労災とは、労働災害のことで、具体的には通勤・業務中に発生したケガや病気のことをいいます。何度か耳にしたことがある方も多いでしょう。
労働者は、労災にあった場合、労働災害保険(労災保険)から、一定の補償を受けることができます。

労災保険とは?

 労災保険とは、労災が起きた場合に、労働者への補償を行うための保険制度です。
各事業所は、労働者を一人でも雇用していれば、労災保険に加入する義務があります。

労働保険が給付されるためには?

 労働保険が給付されるためには、業務が原因となってケガや病気が発生したといえることが必要です(業務起因性)。
 プレス機を使用しているときに、プレス機に指を挟まれて切断に至ったような場合には、業務起因性が認められると思われます。
 通勤中の交通事故なども、業務起因性が肯定されます。
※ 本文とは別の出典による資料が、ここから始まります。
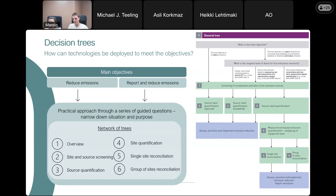Going into more detail on the first part of this project — the decision trees — we start from the question the operator is asking: what is my goal, what am I trying to achieve? Is it to just reduce emissions, or do I both want to reduce and report them, following regulatory reporting? For that, we then have a series of practical trees. Not all trees apply to all situations, but depending on the questions asked, there are a number of trees that are relevant.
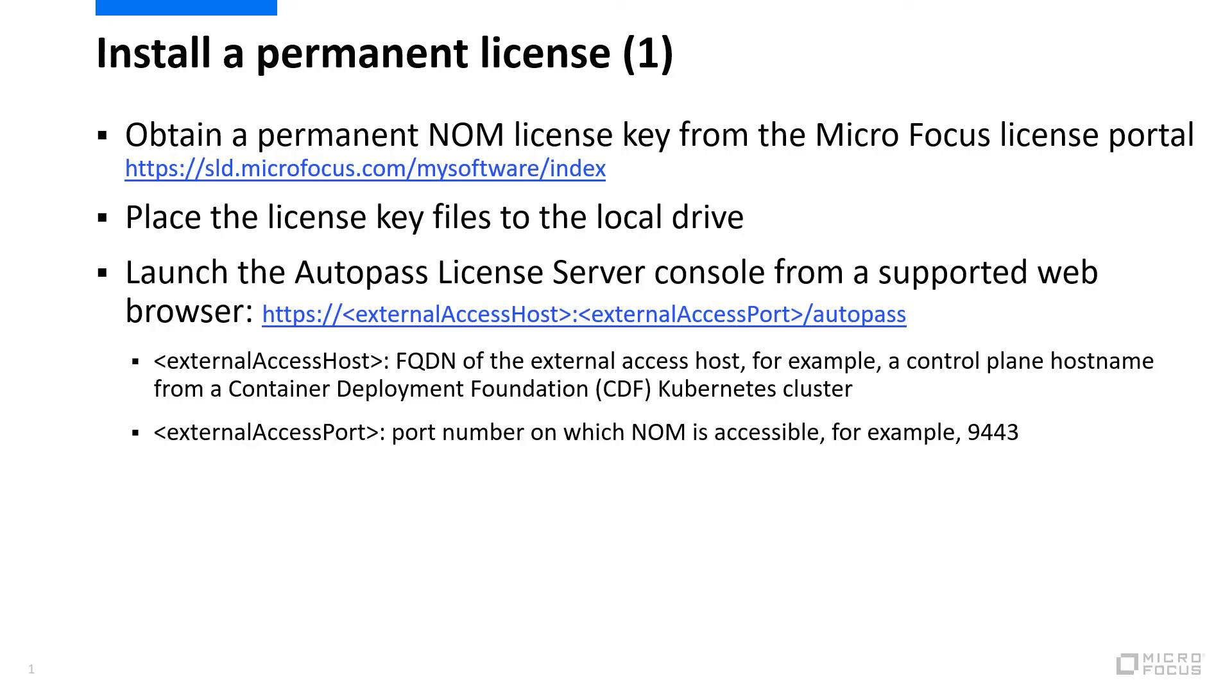To install a non-permanent license, we need first to obtain permanent NOM license keys from the Microfocus license portal, then place the license key files to the local drive and launch the Autopass license server console from any supported web browser.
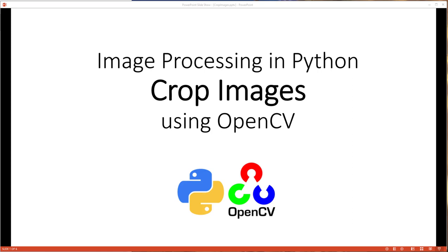Hi everybody, so today we're going to talk about how you can crop images using Python. We're going to be using OpenCV, a great image processing library to do that. So let's get started.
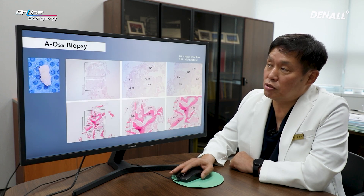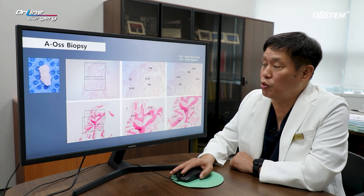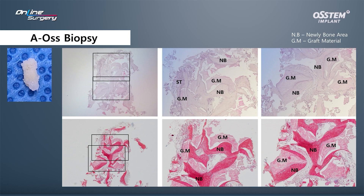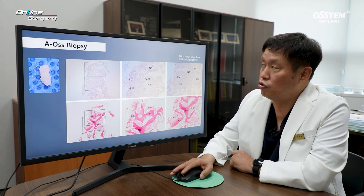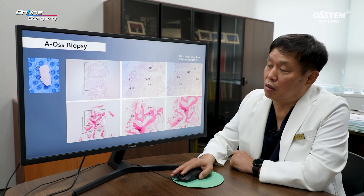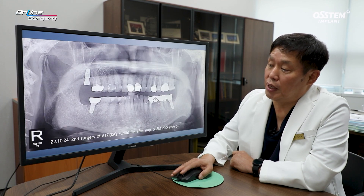At the time of surgery, a biopsy was performed. As a result, between AOS particles, new bone formation was observed. New bone was being formed in the area where socket preservation was done, and this was confirmed through biopsy. This was at the time of second surgery.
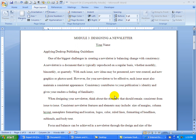I'm going to go over hyphenation and columns. I have the report document open and I'm just going to quickly go over some of these things.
もっとも、寄り道した場合に「通勤中」といえるかどうかは、別途問題となります。

労災保険の給付内容

 労災として認定された場合、以下の給付が受けられます。
・治療費
・休業期間中の給与
・重症治療への年金
・介護費用
・後遺症に対する年金または一時金
・遺族年金または特別支給金
・葬儀費用
・重症者の子供の学費
 これらの給付は、治療費を除くと、上限額が定められています。例えば、休業期間中の給与は、ボーナス等の特別給与を除いた分の8割しか支給されません。
 また、これらの給付には、精神的損害の補償が含まれていません。労災保険からの給付は、労災による被害の全てをカバーするわけではないのです。

労災保険の特徴

 労災保険でカバーされない損害については、事業者自身が支払う義務があります。
もっとも、労働者から事業者への請求は、労災保険の申請と比べると、いくつかのハードルがあります。
 まず、事業者に損害賠償請求をするためには、事業者に過失があることが要件となります。一方、労災保険の給付は、事業者に過失がなくても請求できます(無過失責任)。
 同様に、労働者側に過失があった場合、事業者は損害賠償義務の一部を免れます(過失相殺)。一方、労災保険の給付においては、労働者側に過失があっても、給付は減額されません。
 要するに、労災保険の給付においては、労働者、事業者、いずれの過失も問題とされないわけです。
 実は、自動車の自賠責保険においても、似たような制度設計がなされています。いずれも被害者保護のための強制保険であることによる特徴といえるでしょう。